The finished fillets are cut into thirds. This is the perfect size for most of the recipes we use at home.

Note: I've updated some of this information. Click here to see an improved version and watch for additional updates as soon as the fishing season opens and I can legally obtain a Pike for new photos.

Northern Pike Fullets Cut Into Three Pieces Each

Pickled Northern: The old stand-by for all of us who love pickled fish. If you are a pickled fish fan, Northern Pike is the perfect fish to use for pickling. Finished pieces are firm and sweet. Great for parties and makes a great snack too.

Starting Brine Phase 1: 1 Cup Salt per Each 1 Quart Water.  Fish pieces soak for 2 Days Exactly.

Vinegar Brine Phase 2: Drain starting brine - Do not rinse fish pieces. Soak in White Vinegar, completely covered for 24 hours. After 24 hours, Drain Vinegar-Do not rinse fish pieces.

Northern Pike pieces in preliminary pickling brine.

Left: Northern Pike Fillets cut into pieces about 1 inch square. Use a large plastic bowl and cover with enough liquid to completely immerse all of the pieces.       Right: Final solution, use a large pickling jar or plastic container like this Tupperware bowl, be sure pieces are packed loosely and completely covered with liquid. During the final stage, the fish is ready to eat after about 5 days. But the finished product will last in the refrigerator for several months.

Pickled Northern Pike in Final Brine Solution

Finishing Brine Phase 3: Mix 4 Cups White Vinegar, 3 Cups Sugar Heat to dissolve Sugar - Let stand until cool Add 1 Cup White Wine (Silver Satin preferred but other "sweet" white wines will work) 1/4 Cup mixed pickling spice Let mixture cool thoroughly before adding to fish. Layer fish pieces and sliced onions in jar and cover with pickling solution recipe leave covered with pickling solution and let soak for 1 week before eating. Fish will last for several months in refrigerator.

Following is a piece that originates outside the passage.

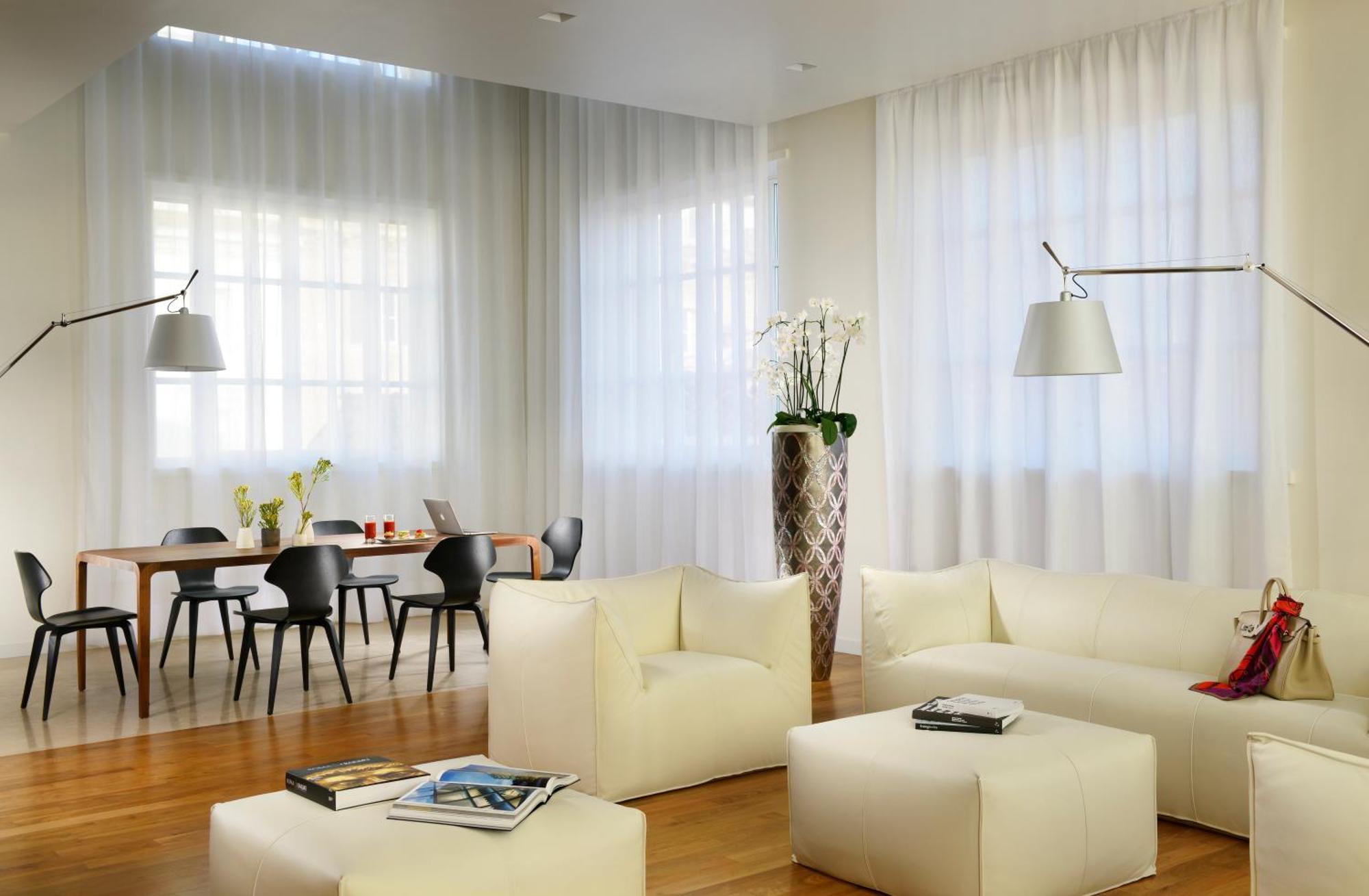 Palazzo Montemartini Rome, A Radisson Collection Hotel Екстериор снимка A living room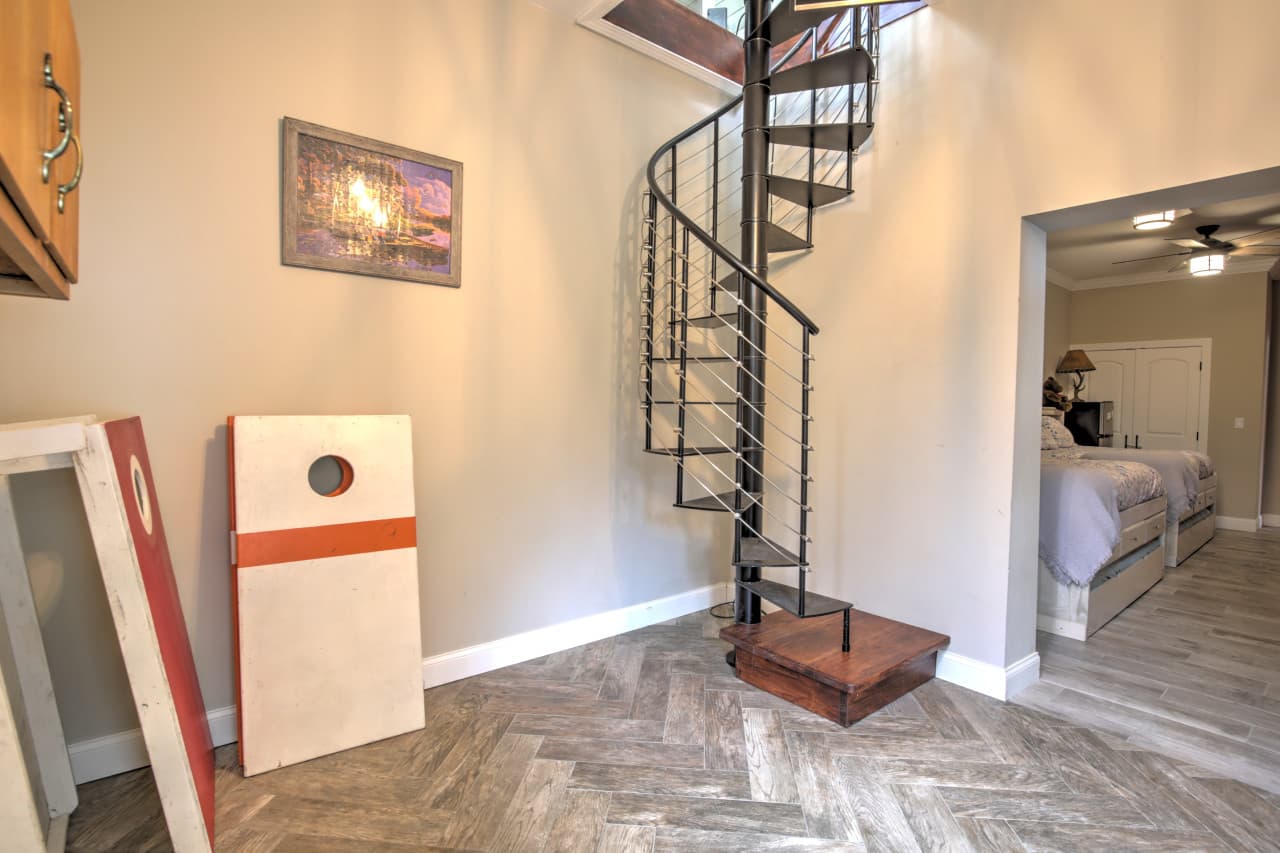Lower level Entry.jpg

Smoking Fish - Basic Salt Brine Recipe Basic Brine Mixture To Use As Dry Brine To Use As Wet Brine

Smoked Tulibees

Watch Jeff walk through the whole process on video. Smoking Tulibees January 2011.

5 Lbs Canning/Pickling Salt
2 Lbs Brown Sugar
2 TBSP Onion Powder
1 TBSP Garlic Powder
1 TBSP Mace
2 TBSP Oregeno

This recipe makes several batches of smoked fish and can be used for other meat too. Mix thoroughly, store in well sealed zip-lock bags.

For me, 1Gallon size freezer bags with 1-1/2 cups of powder in each is perfect.

In large plastic bag, add about 1 cup of dry mixture and shake moistened fish in powder until coated liberally. Add small portions of dry brine as needed to avoid mixture becoming wet or "slushy". Coating should be uniform and heavy. For larger, whole fish, add powder to inside of body cavity.

Place fish in suitable plastic, crock or glass container. While curing, store in refrigerator. Curing time depends on personal taste, 6 to 12 hours depending on size of fish and salt taste desired.

Use a clean crock, glass container or plastic pail. Do not use metal container. Mix 1-1/2 cups of powder in about 8 cups of water, stir until mixed thoroughly.

Check for correct mixture by dropping in a peeled potato or fresh, un-cooked egg. The egg or potato should float easily. If either will not float, add small amounts of powder until they do.

Place fish in liquid and use a glass plate to keep pieces completely submerged. Soak 8 to 12 hours. Keep chilled, stir occasionally.

*For either method, remove cured pieces of fish from brine, rinse in cold water and place on paper towel covered cookie sheet(s). Keep fish refridgerated and let dry until outer skin feels dry to the touch. Once ready, smoke fish for about 2.5 hours at 220 to 240 degrees.